NEW DELHI :
As climate change will put three times more people at risk of coastal flooding by 2050 than previously thought, Mumbai and Kolkata are on the list of global cities that face the risk of being wiped out, according to a latest research report.
The study by New Jersey-based Climate Central found that sea levels projected by 2050 are high enough to threaten land currently home to a total of 150 million people to a future permanently below the high tide line.
"The new projections suggest that much of Mumbai, India’s financial capital and one of the largest cities in the world, is at risk of being wiped out. Built on what was once a series of islands, the city’s historic downtown core is particularly vulnerable," a New York Times report, based on the findings, said.
The study found that 300 million people are now living on land that is likely to flood at least once a year on average by mid-century without adequate sea defences, even if governments manage to make sharp cuts in emissions.
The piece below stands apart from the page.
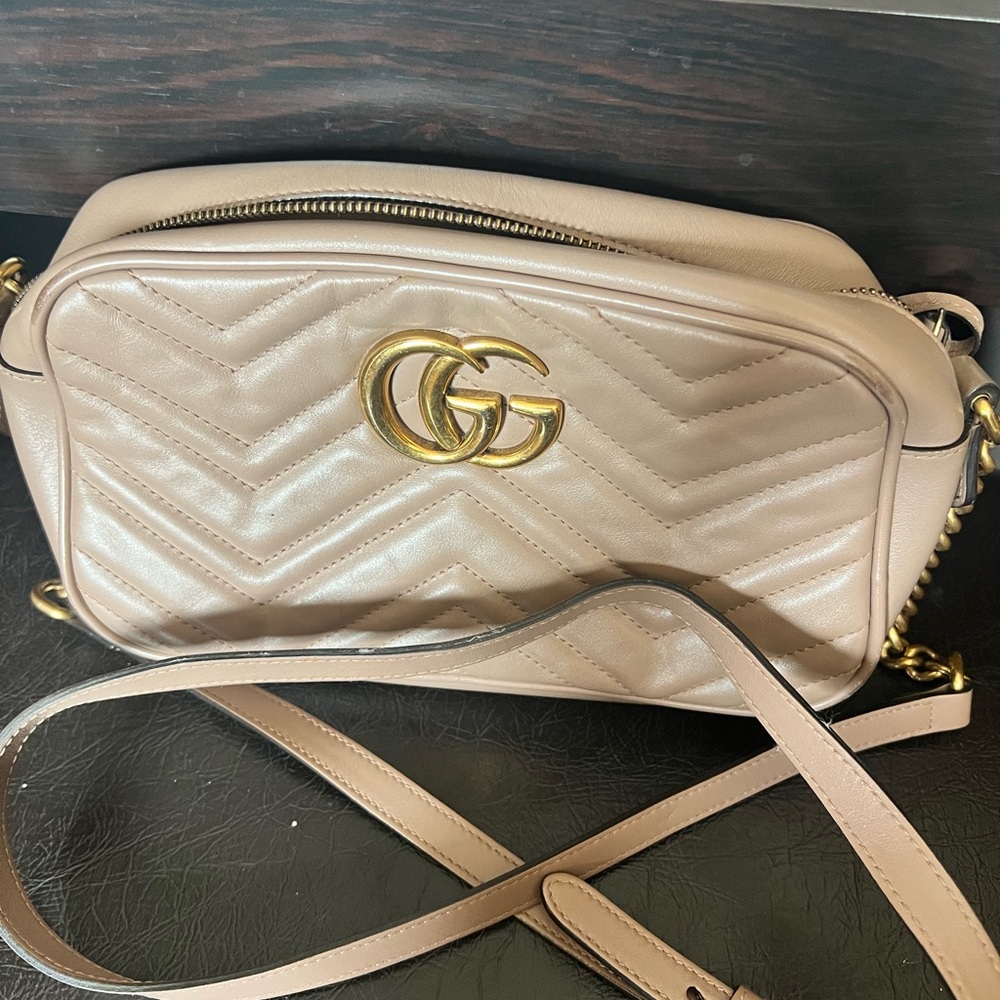 Gucci GG Marmont Small Matelassé Leather Camera Bag - Picture 2 of 9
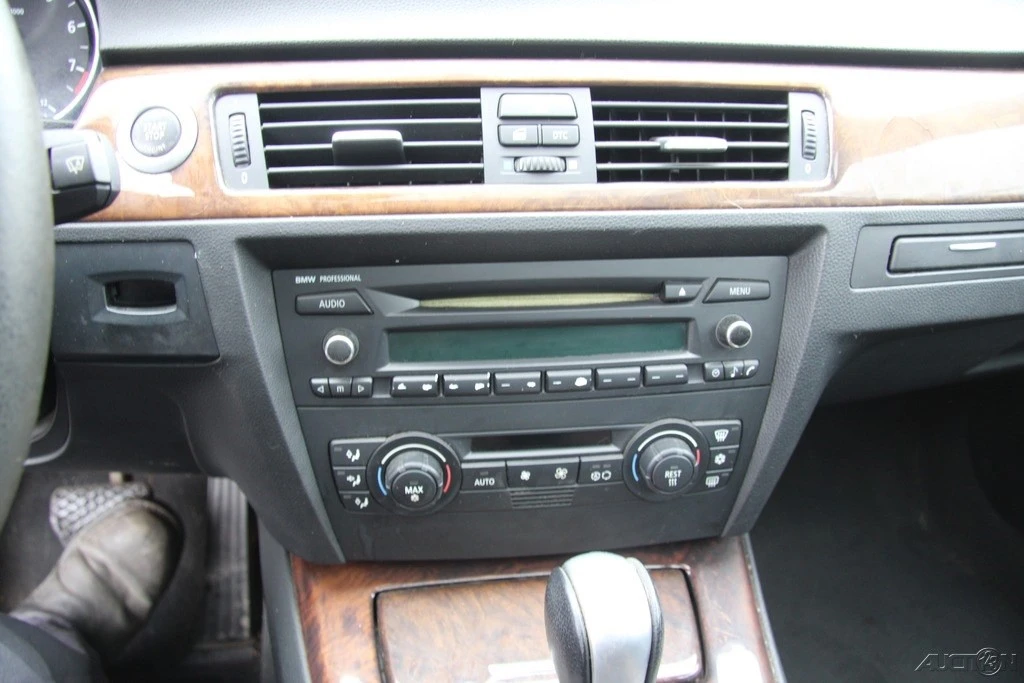 2006 BMW E90 3 Series Sedan - Image 17 of 21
Earlier estimates had put that figure at about 80 million.
China, Bangladesh, India, Vietnam, Indonesia, Thailand, the Philippines, and Japan account for the bulk of the at-risk population.
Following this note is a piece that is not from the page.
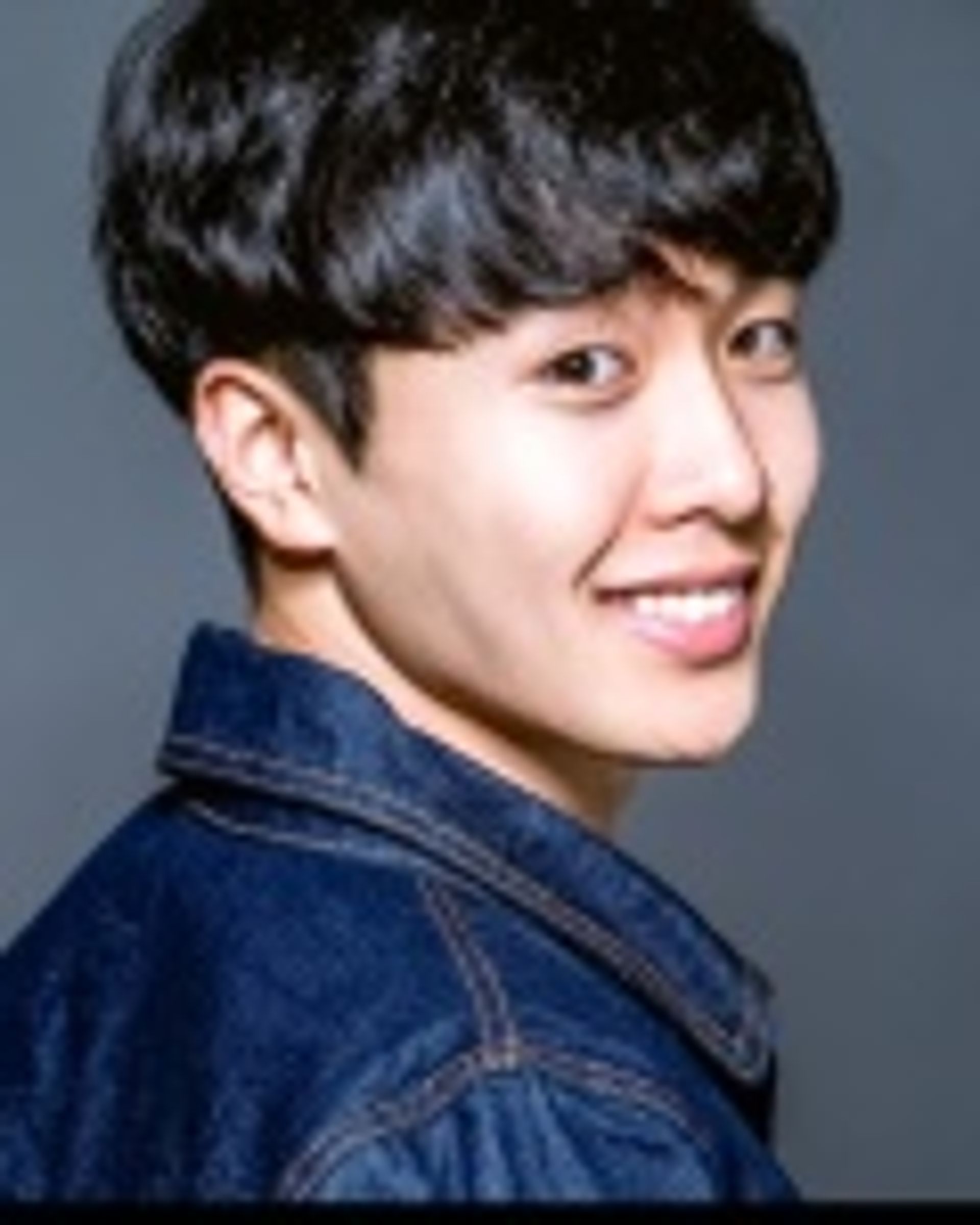 윤우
The study shows that Southern Vietnam could disappear while 10% of Thailand's land could vanish under water.
In Shanghai, on the other hand, water threatens to consume the heart of the city and many other cities around it.
Last month, an Intergovernmental Panel on Climate Change (IPCC) report had warned that global sea levels are set to rise by at least 1 metre by 2100 if carbon emissions go unchecked, submerging hundreds of cities, including Mumbai and Kolkata.
The UN report had warned that a mere 50 cm rise in the sea level is enough to flood major port cities around the world and expose more than 150 million people to disasters.